=== EXERCISE ===
I would like every record reproduced exactly, with the pictures left out.

=== DATA SHOWN ===
>>
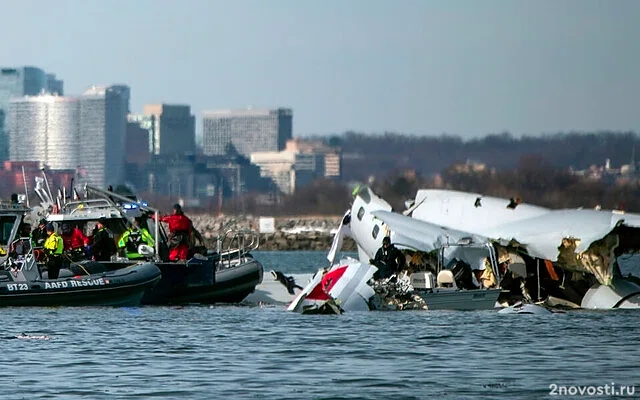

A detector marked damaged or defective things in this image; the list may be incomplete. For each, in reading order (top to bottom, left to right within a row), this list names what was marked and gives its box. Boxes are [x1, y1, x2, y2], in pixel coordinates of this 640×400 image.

crashed airplane [288, 186, 640, 314]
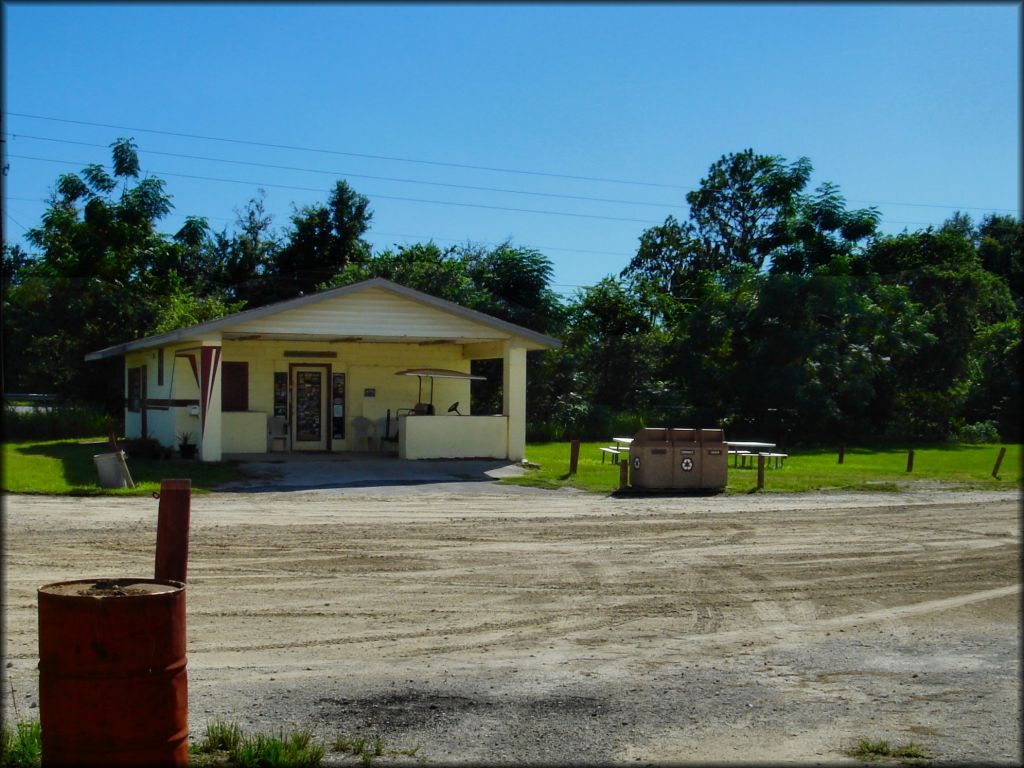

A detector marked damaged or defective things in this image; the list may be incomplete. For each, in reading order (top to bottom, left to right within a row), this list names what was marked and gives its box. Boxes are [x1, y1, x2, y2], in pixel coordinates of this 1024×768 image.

rusty red barrel [37, 581, 188, 765]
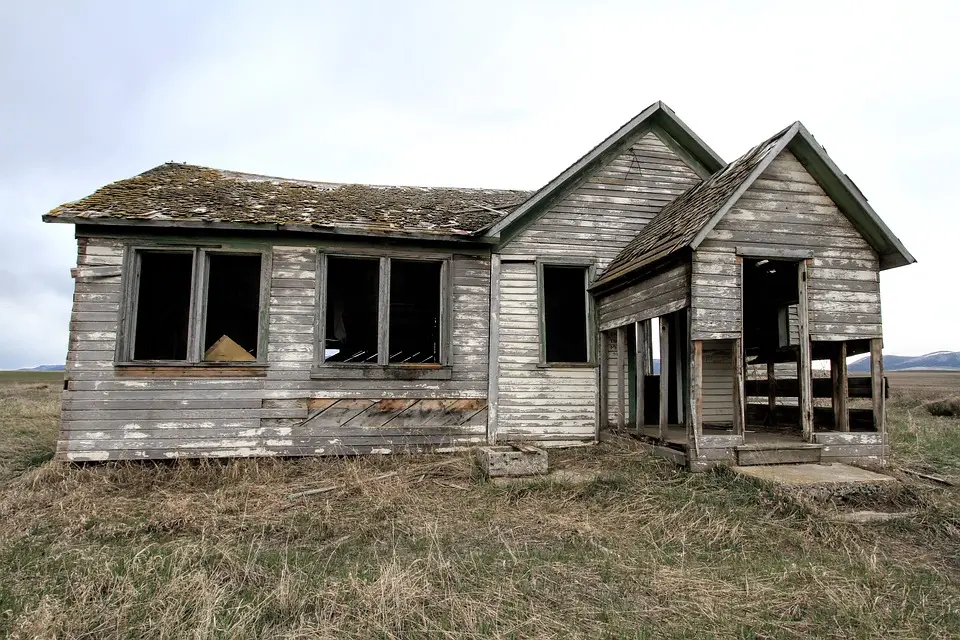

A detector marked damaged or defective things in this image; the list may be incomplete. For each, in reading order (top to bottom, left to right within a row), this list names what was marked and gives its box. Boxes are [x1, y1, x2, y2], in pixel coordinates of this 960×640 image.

broken window [133, 250, 193, 360]
broken window [203, 252, 262, 360]
broken window [326, 258, 378, 362]
broken window [388, 258, 440, 360]
broken window [544, 264, 588, 362]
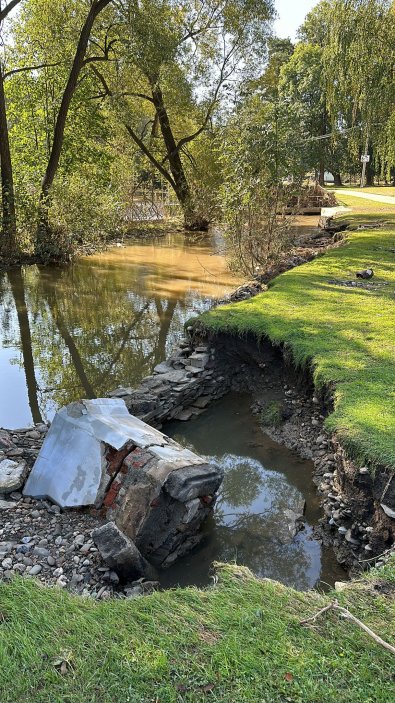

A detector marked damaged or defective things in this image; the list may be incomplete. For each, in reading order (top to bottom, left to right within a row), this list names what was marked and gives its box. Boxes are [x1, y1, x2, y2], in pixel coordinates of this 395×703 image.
<<
=== SOLUTION ===
A detector marked damaged or defective things in this image; the list may be incomplete. For each, in reading order (top to bottom, left to right within a row), this list names what was marked and gives its box. Boxes are [x1, y1, x2, y2], in pixel coordinates of this 640×400 image.

crashed airplane [288, 186, 640, 314]

A detector marked damaged or defective things in this image; the list may be incomplete. For each, in reading order (top to bottom, left to right within a row), this list names what was marked and gives its box. Boxes are [x1, y1, x2, y2], in pixel coordinates of this 1024×768 image.

rusty red barrel [37, 581, 188, 765]

A detector marked damaged or defective things in this image; the list may be incomplete. For each, in reading order (top to bottom, left to right within a row), this list names what was marked and gives its box. Boxes are [x1, y1, x2, y2], in pixel coordinates of this 960×640 image.

broken window [133, 250, 193, 360]
broken window [203, 252, 262, 360]
broken window [326, 258, 378, 362]
broken window [388, 258, 440, 360]
broken window [544, 264, 588, 362]

A detector marked damaged or defective things in this image; the list may be incomplete. For each, in reading order (top to bottom, left to right within a row), this list names what was marked and gives its box. Boxes are [x1, y1, x2, y2], in pixel coordinates of this 395×703 image.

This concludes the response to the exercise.